Reading it left to right: -F',' sets the input separator, OFS=',' sets the output separator so the row gets rebuilt with commas, the condition only touches rows where field three is exactly old-region, and the trailing 1 is awk shorthand for “print this line.” Because the match is scoped to a field and an exact value, it cannot accidentally rewrite a substring buried in column five.

This is the prompt pattern I rely on: “Use awk, not sed, and only modify the field that matches exactly. Print every row unchanged otherwise.” Asking for field-scoped logic is itself a form of blast-radius control. For more on automating these chores responsibly, the automation category collects the rest of this series.

Let Git Be the Safety Net

Backups are good; version control is better.
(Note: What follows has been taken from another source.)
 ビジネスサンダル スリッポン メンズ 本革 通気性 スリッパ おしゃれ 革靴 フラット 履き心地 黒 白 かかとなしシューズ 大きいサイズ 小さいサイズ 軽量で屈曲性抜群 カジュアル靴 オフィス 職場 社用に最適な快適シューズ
Before any bulk edit, I make sure the working tree is clean so the only changes after the command are the ones the command made:

git status --porcelain   # should be empty before you start

After running the edit, the diff is your review surface:

git diff --stat          # how many files, how many lines? sanity check
git diff config/app.yaml # read the actual changes

If --stat says 12 files when you scoped the glob to one directory, something matched wider than intended. Reading the diff before you stage anything is the human approval gate. Nothing gets committed until I have looked at it with my own eyes. If it is wrong, git checkout -- . throws the whole thing away and you start over with a tighter pattern. I go deeper on rehearsing changes before they touch anything real in dry run and simulation before automated actions.

Pro Tip: Run the AI-generated edit on a throwaway branch. git switch -c bulk-edit-test, run the command, review the diff, and only merge if it is clean. The branch is your sandbox and your undo button at the same time.

A Loop Over Files With a Dry-Run Flag

For anything touching more than a couple of files, I wrap the edit in a small script with a real dry-run mode, because the scariest part of bulk editing is not the regex, it is the file list. Scope the glob tightly and prove the list is right before you mutate anything:

#!/usr/bin/env bash
set -euo pipefail

DRY_RUN="${DRY_RUN:-1}"   # default to safe; opt in to live edits
PATTERN='s/\bapi\.old-host\.internal\b/api.new-host.internal/g'

# Scope the glob TIGHTLY. Be specific about the directory and extension.
mapfile -t files < <(git ls-files 'config/*.yaml')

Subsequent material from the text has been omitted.